Scientists Study How Atomic Nuclei Liquefy And Vaporize By Using Nimrod Detector At Texas A&M Cyclotron Accelerator

Date:
December 19, 2000
Source:
Texas A&M University
Summary:
Watching ice melt and water vaporize by increasing the temperature would not surprise anybody. Watching the nucleus of an atom transform from solid to liquid to gas is less common but is now possible and could lead to a better understanding of the properties of atomic nuclei.
Share:
FULL STORY

Watching ice melt and water vaporize by increasing the temperature would not surprise anybody. Watching the nucleus of an atom transform from solid to liquid to gas is less common but is now possible and could lead to a better understanding of the properties of atomic nuclei.

To study how nuclei undergo changes from solid to liquid to gas, Texas A&M University scientists smash atomic nuclei together in an on-site accelerator, the Cyclotron.

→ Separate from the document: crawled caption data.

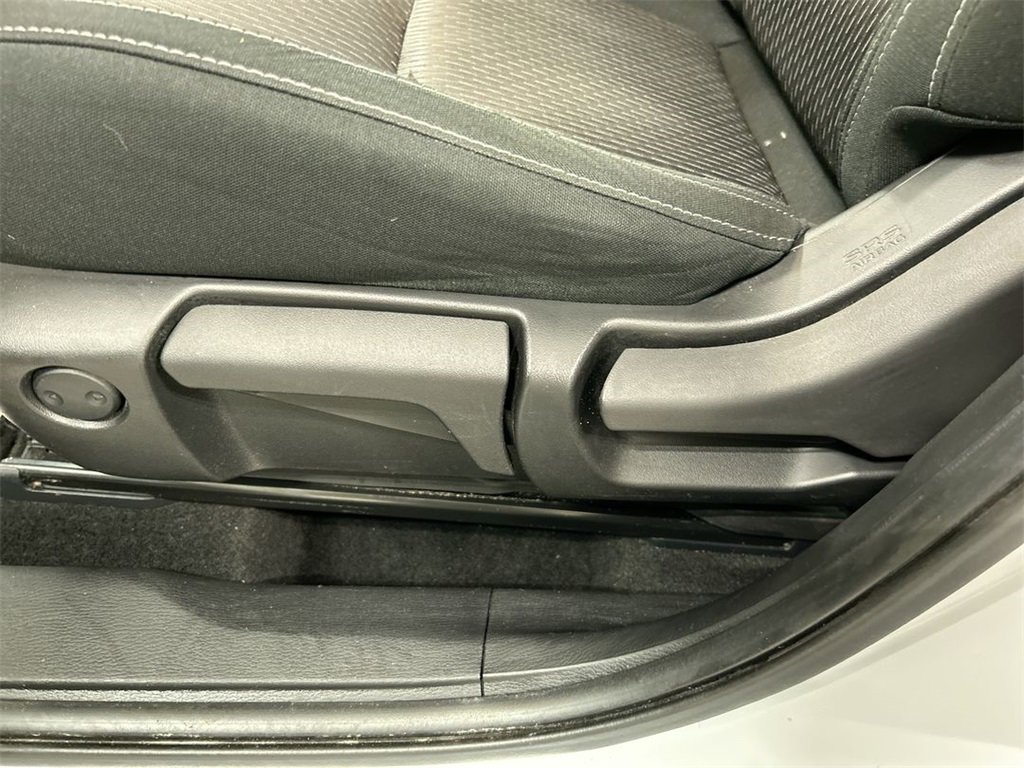 Used 2022 Mitsubishi Outlander ES image 10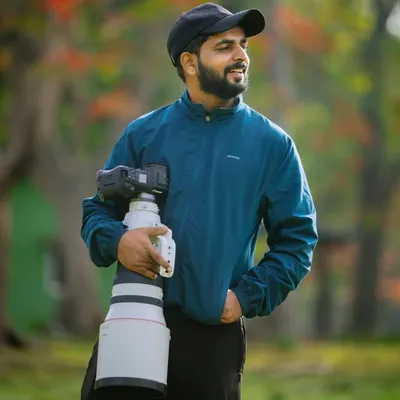 Nigin Mohan | Wild and Street Photographer| ๐ธ๐ฎ๐ณ profile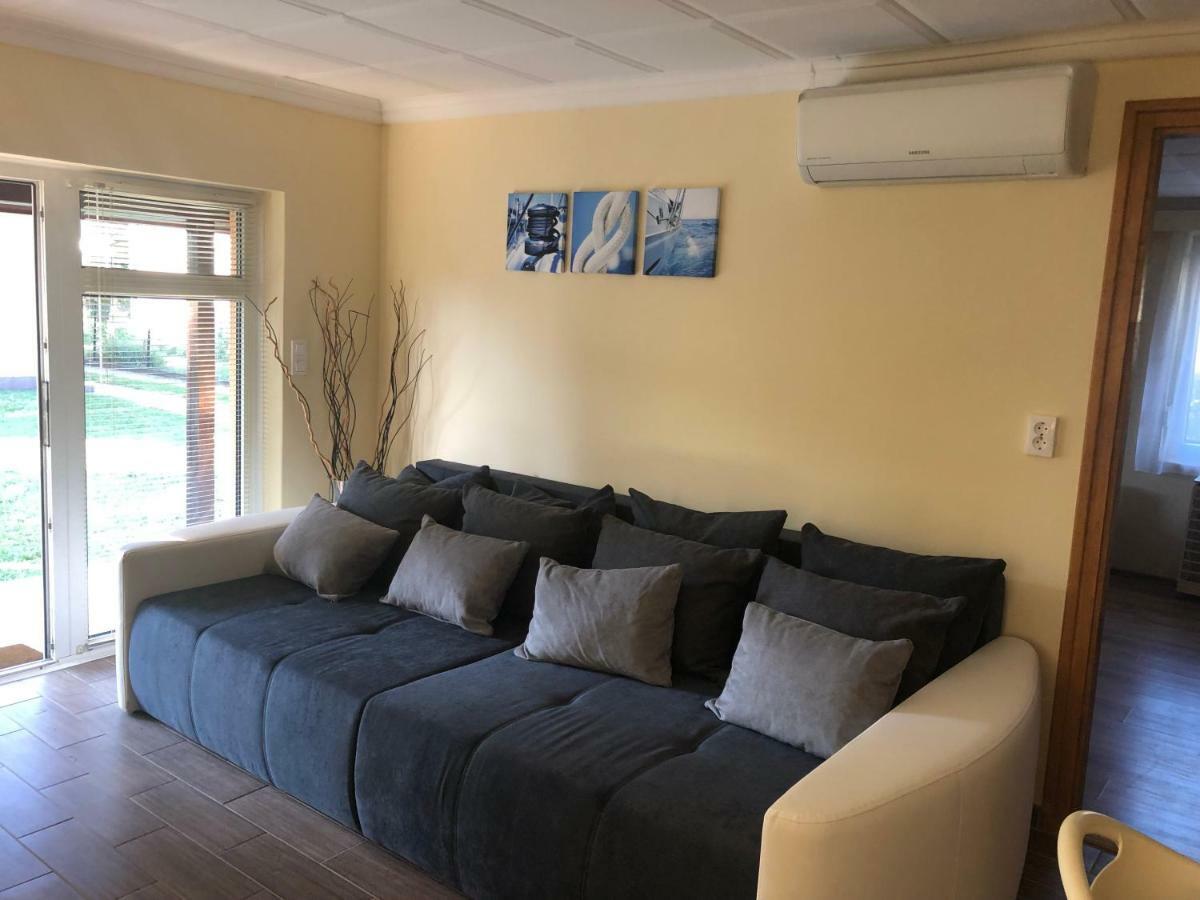 בלטונללה Bier-Lak Apartman House 71 מראה חיצוני תמונה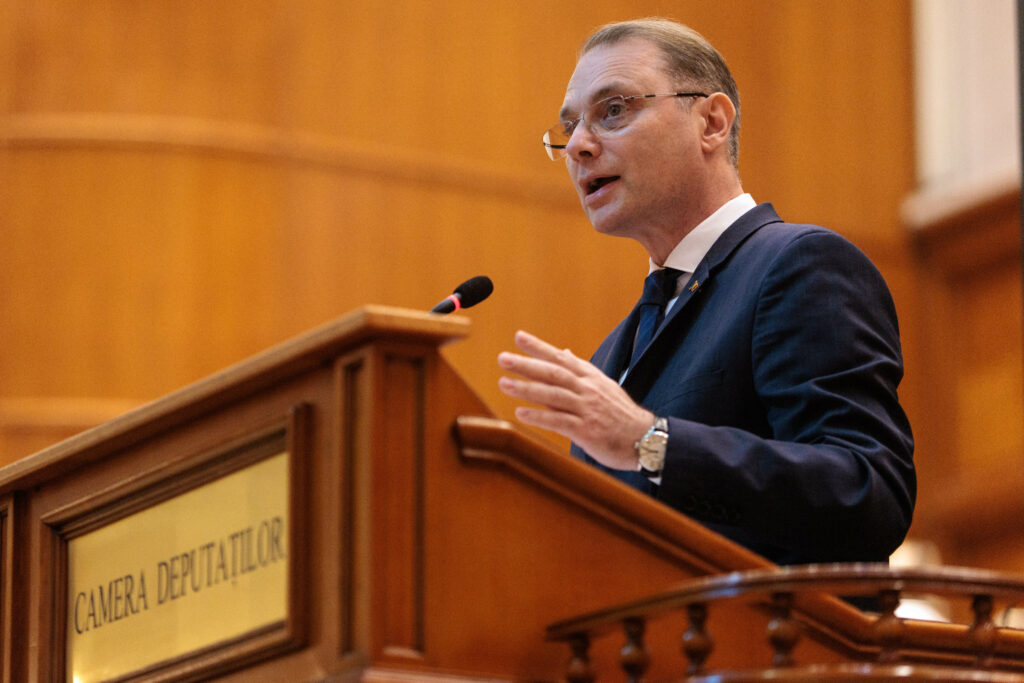 Luca Niculescu, primul discurs în calitate de premier: „Încheiem astfel azi cinci luni și jumătate de criză politică”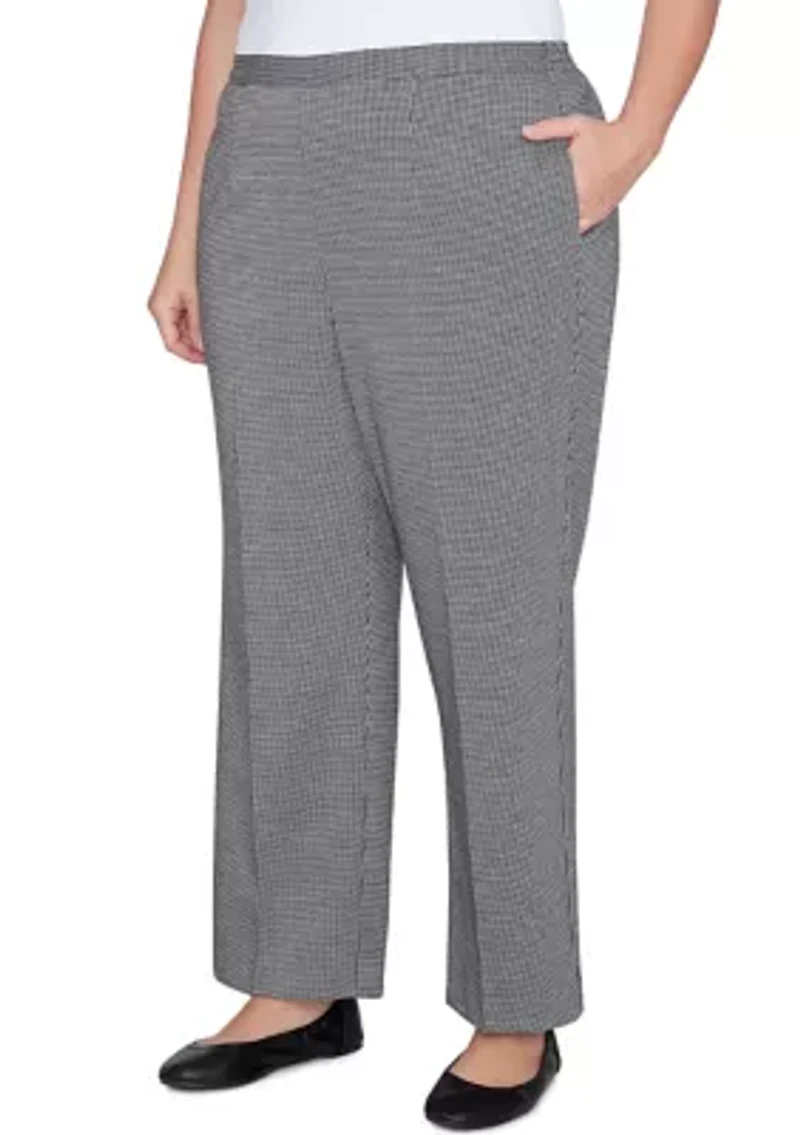 Plus Runway Ready Proportioned Short Pants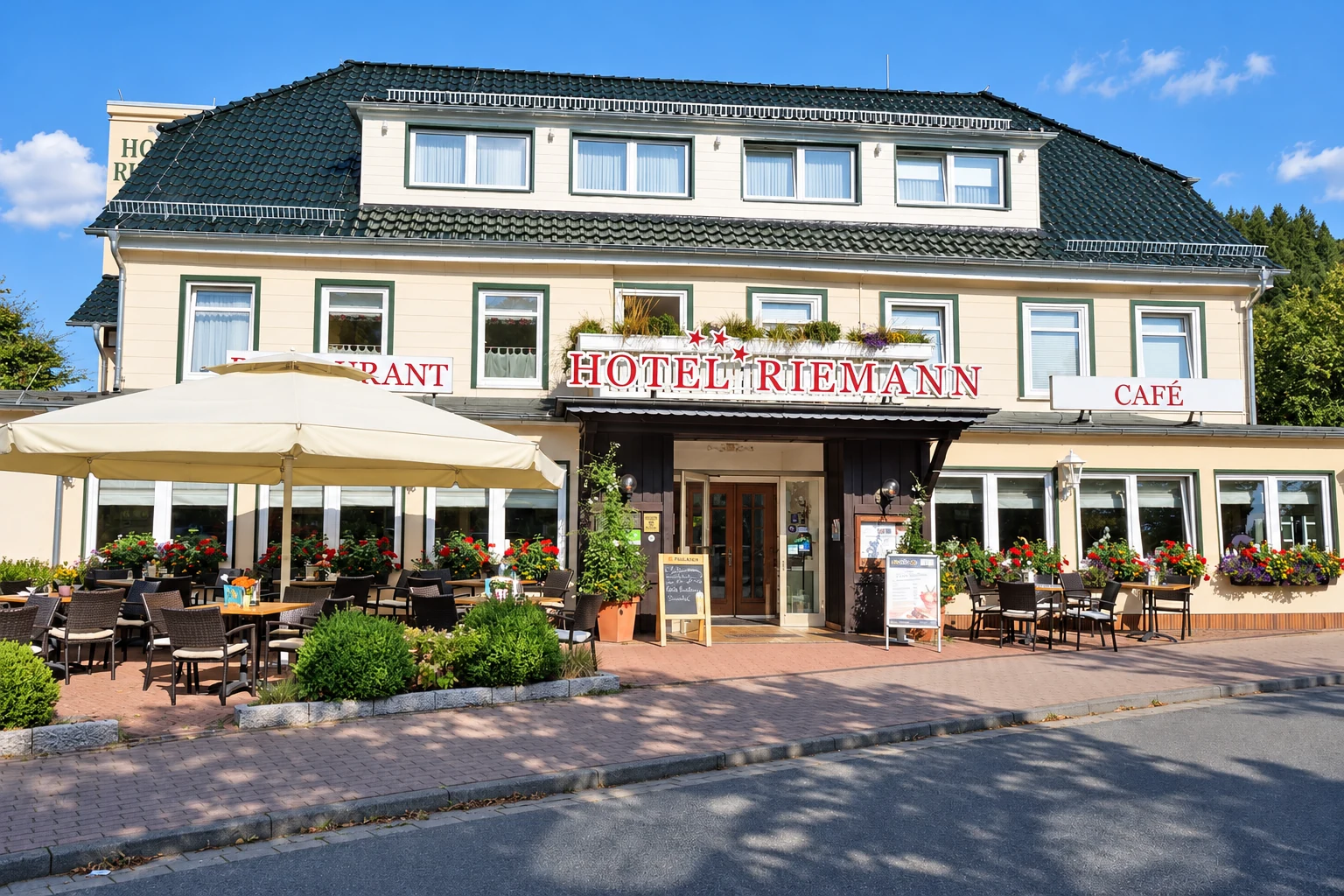 Hotelfassade und Caféterrasse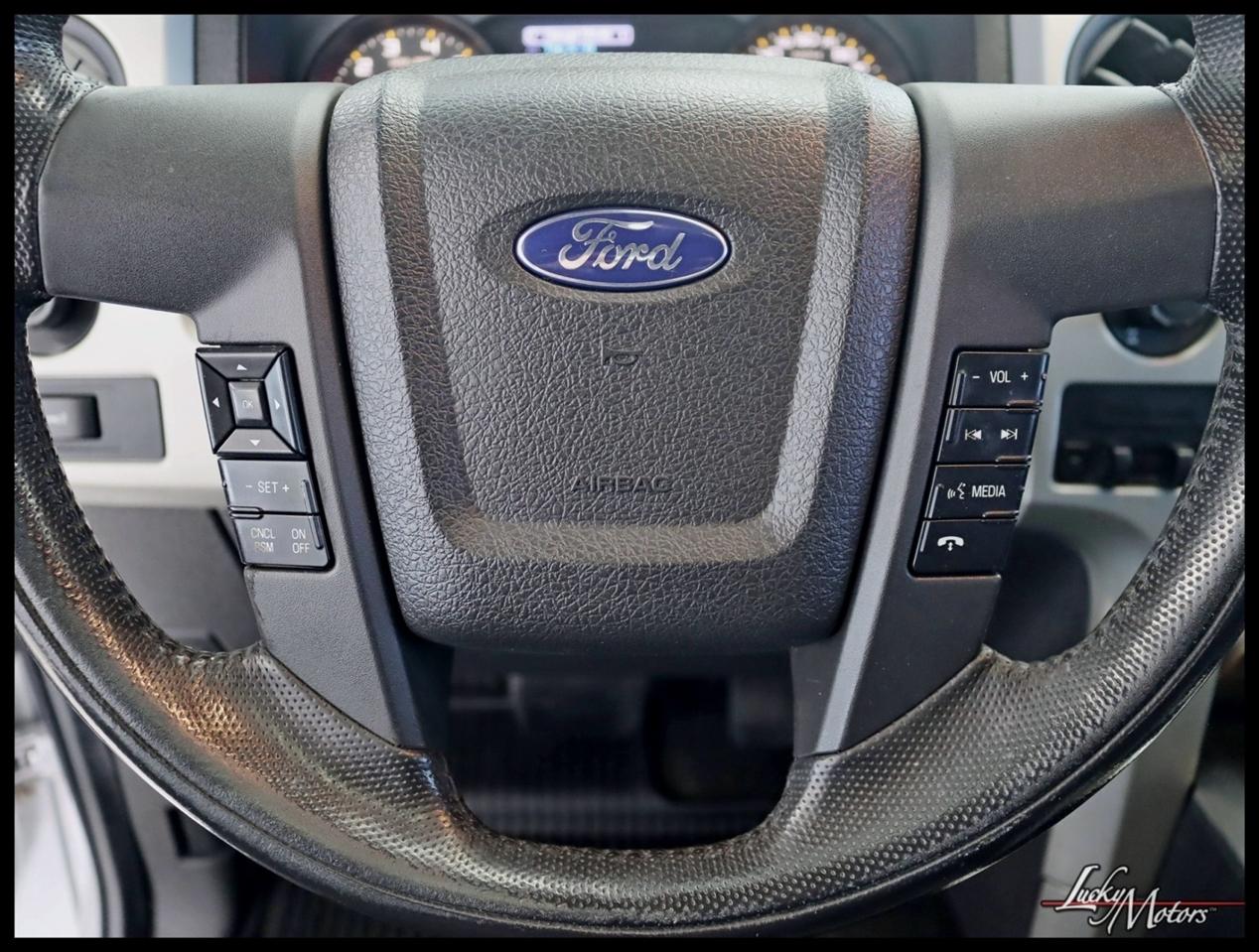 Ford F-150 SVT Raptor SuperCrew 5.5-ft. Bed 4WD 2012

The two nuclei mix together, creating a very hot intermediate state where some nuclei are liquefied and others are vaporized.

"We are talking about two things colliding, mixing for a very short period of time, and breaking up, and then we see the pieces of that," says Sherry Yennello, associate professor of chemistry at Texas A&M.

"The phase transition - the passage from a solid state to a liquid state or a liquid state to a gas state - exists only for less than a billionth of a billionth of a second," Yennello says. "So we have to backtrack and say: 'How did this thing happen?'"

To study the fragments of the collision and look for hints of a phase transition, Texas A&M physicists have built a detector called NIMROD.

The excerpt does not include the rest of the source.